Un trend favorito anche dal via libera dell’Unione europea alla semina di 200 mila ettari di terreno aggiuntivi. Questi verranno impiegati per la produzione di circa 15 milioni di quintali di mais per gli allevamenti, di grano duro per la pasta e tenero per la panificazione. Un’iniziativa che contribuisce a ridurre la dipendenza dall’estero.
La produzione italiana di alimentari aumenta. Rimangono alti i prezzi di fertilizzanti e gasolio
Rimangono alti i prezzi di fertilizzanti e gasolio necessari per le operazioni colturali. La congiuntura ha causato un aumento record dei prezzi dei prodotti agricoli pari al 12,6 %.
Secondo l’ultima analisi della Coldiretti da Russia e Ucraina arrivano complessivamente in Italia il 13% delle importazioni di mais e il 4,2% di quelle di grano. Da canto suo l’Italia riesce a soddisfare il fabbisogno di appena il 36% del grano tenero che serve per pane, biscotti, dolci arrivando al 73% per il grano duro necessario a produrre la pasta.
Per quanto riguarda il mais invece la produzione raggiunge fino al 53% ed è utile in particolare per i mangimi animali. Il più importante rimane tuttavia l’olio di girasole da cui l’Italia dipende per il 60%.
La catena del valore dell’agricoltura e l’influsso sul costo degli allevamenti
La aziende agricole italiane hanno subito un aumento straordinario delle spese di produzione.
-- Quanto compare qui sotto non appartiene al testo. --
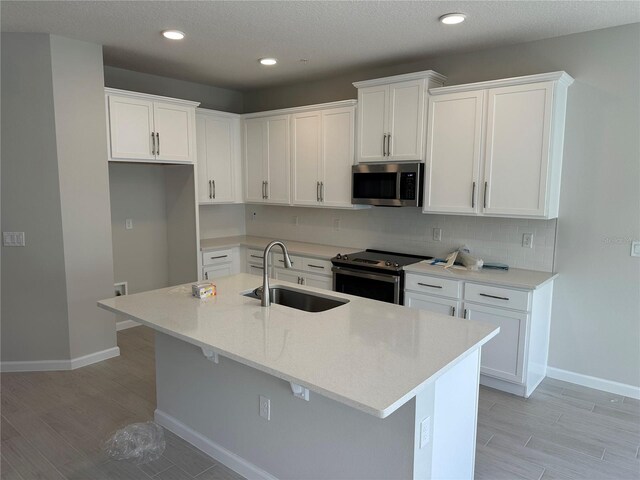 kitchen with stainless steel appliances, white cabinetry, a center island with sink, and sink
Se i concimi sono aumentati del 170% anche il gasolio è salito del 129%. Le più penalizzate in termini di costi sono proprio le coltivazioni di cereali come il mais. Nel complesso in un anno il prezzo del frumento duro è aumentato del 80%, il frumento tenero è salito del 40% mentre il mais ha subito un rincaro del 38%.
Il mais è il principale ingrediente dell’alimentazione animale per cui il suo aumento comporta direttamente l’aumento del costo prodotto finale. La spirale innescata dalla instabilità geopolitica sta infatti influendo con i suoi effetti anche sul prezzo della carne. Gli aumenti del prezzo all’ingrosso sfiorano il 20% e sono riconducibili ai costi di produzione.
Il legame piuttosto lineare rende chiaro anche come un aumento significativo e repentino nel costo della carne non faccia altro che deprimere i consumi di questo alimento. A lievitare per lo stesso motivo saranno anche i costi di altri generi alimentari come il latte.
L’Indonesia blocca le esportazioni di olio di palma: l’Italia dipende dal Paese per il 50% del suo fabbisogno
La scorsa settimana l’Indonesia, primo esportatore mondiale di olio di palma ha annunciato il divieto temporaneo dell’export, con una mossa che ha fatto salire i prezzi di tutti gli oli commestibili. Il divieto della durata di un mese si applicherà soltanto alle esportazioni di oleina di palma raffinata. L’oleina di palma Rbd rappresenta circa il 40% delle esportazioni totali dell’Indonesia di prodotti di olio di palma.
La vicenda ancora una volta conferma quale può essere l’impatto di una forte dipendenza alimentare da paesi con cui non ci sono solidi rapporti commerciali e politici. L’Italia in questo caso arriva preparata, l’occasione è propizia per accelerare la sostituzione dell’olio di palma con prodotti più salubri e a minor impatto ambientale. L’olio di palma è stato progressivamente eliminato come ingrediente di base per l’elevato contenuto di acidi grassi saturi, ed è criticato per il progressivo disboscamento causato dalla sua coltivazione.
Burro, olio di oliva o quello di nocciola, sono i sostituti che il nostro Paese è in grado di utilizzare già oggi, nonostante il 50% delle sue importazioni di olio di palma, per un quantitativo di 721 milioni di chili, arrivino proprio dall’Indonesia.